Saturday, September 27, 2008


Not Winning



In my time zone, watching a presidential debate means staying up till 3am and most of the local TV channels don't have the rights (I thought they'd actually be paid to carry it).
So generally don't bother, as all the sound bites are of course available later and nothing new anyway.
There was the obligatory intro on the economy and the bailout - neither candidate has a clue what to do about it, but that's OK since not many people would want the responsibility of deciding whether and how to spend $700 B. My only thought is that it is terminally bizarre that a bunch of Wall St. bankers succeeded in doing what Bin Laden and the entire Soviet Union failed to do - bring the US economy to its knees.

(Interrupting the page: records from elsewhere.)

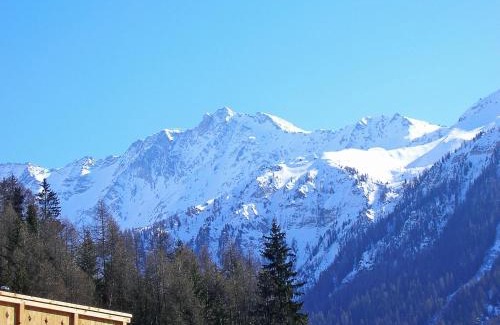 Peisey-Nancroix Ski Chalet | Peisey Chalet with Balcony Views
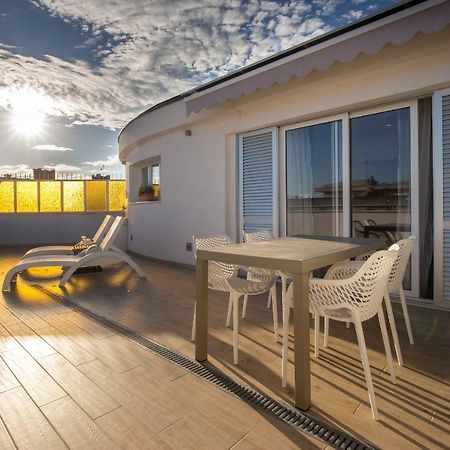 Sunny Rooftop Split Exterior photo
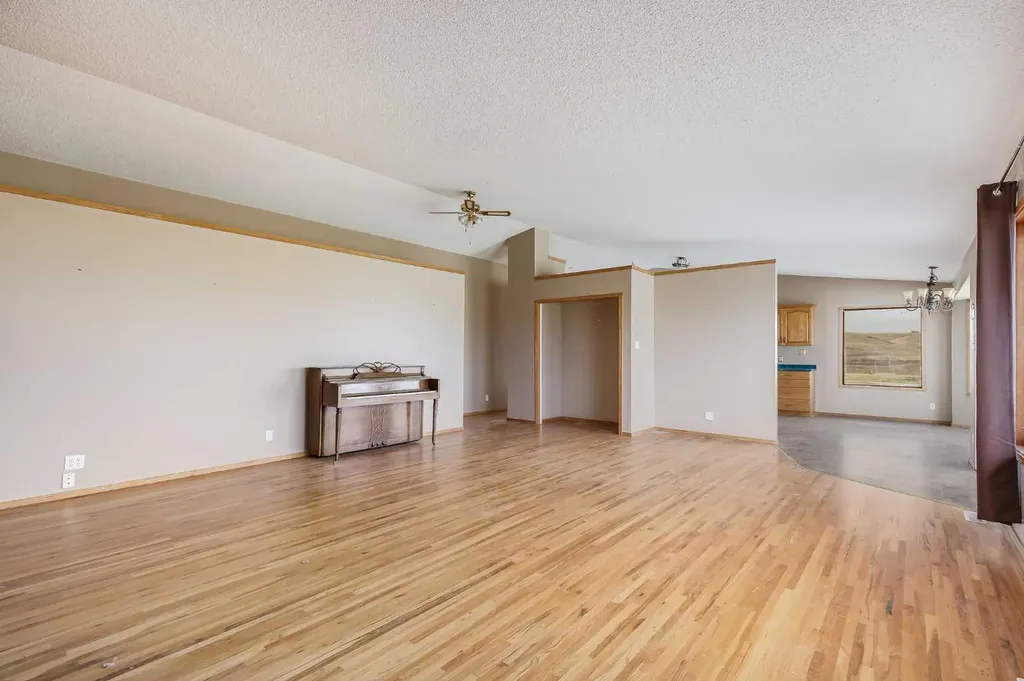 274128 320 Street E Rural Foothills County AB T0L 0J0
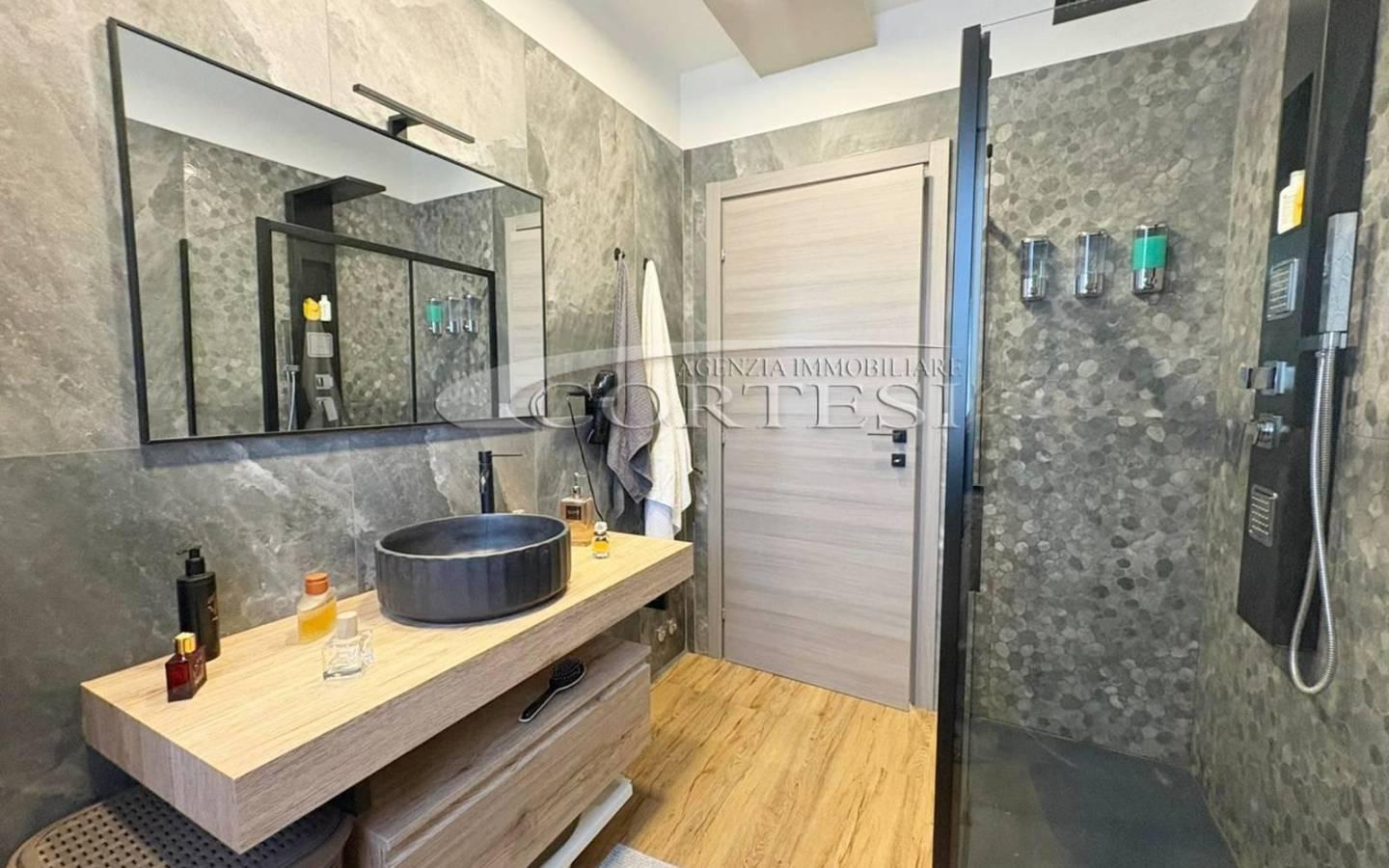 Villa a schiera via Toscana, Castelvecchio, Monte Porzio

Anyway, only to comment on the inevitable claim by McCain the no-brain that the war in Iraq is being 'won'. No. Wars in the Middle East are never won, least of all by foreign crusading forces. Sure, despots can be overthrown, armies can be routed, and even insurgencies - temporarily - squashed. But the wars are never won - they simple create a whole new batch of traumatic circumstances and bloody problems for the next generation; or sooner than that.
And as for Afghanistan - yes, 'we' - the US and NATO are doing the right thing, at least in the time we are not bombing wedding parties, and we are reversing actions of the Taleban when they were in power (specifically, reversing the Talebans' success in stopping the poppy trade). We are the good guys and the Taleban are the bad guys. But unfortunately, the Taleban will win because it is their country and not ours. The West (including Russia) has tried to conquer Afghanistan maybe ten time in the last 200 years, each more catastrophically than the last. Read the books.
Specifically, read the legendary (but still remarkably still living) Robert Fisk's Great War for Civilisation. It'll take you a year, so it's good value.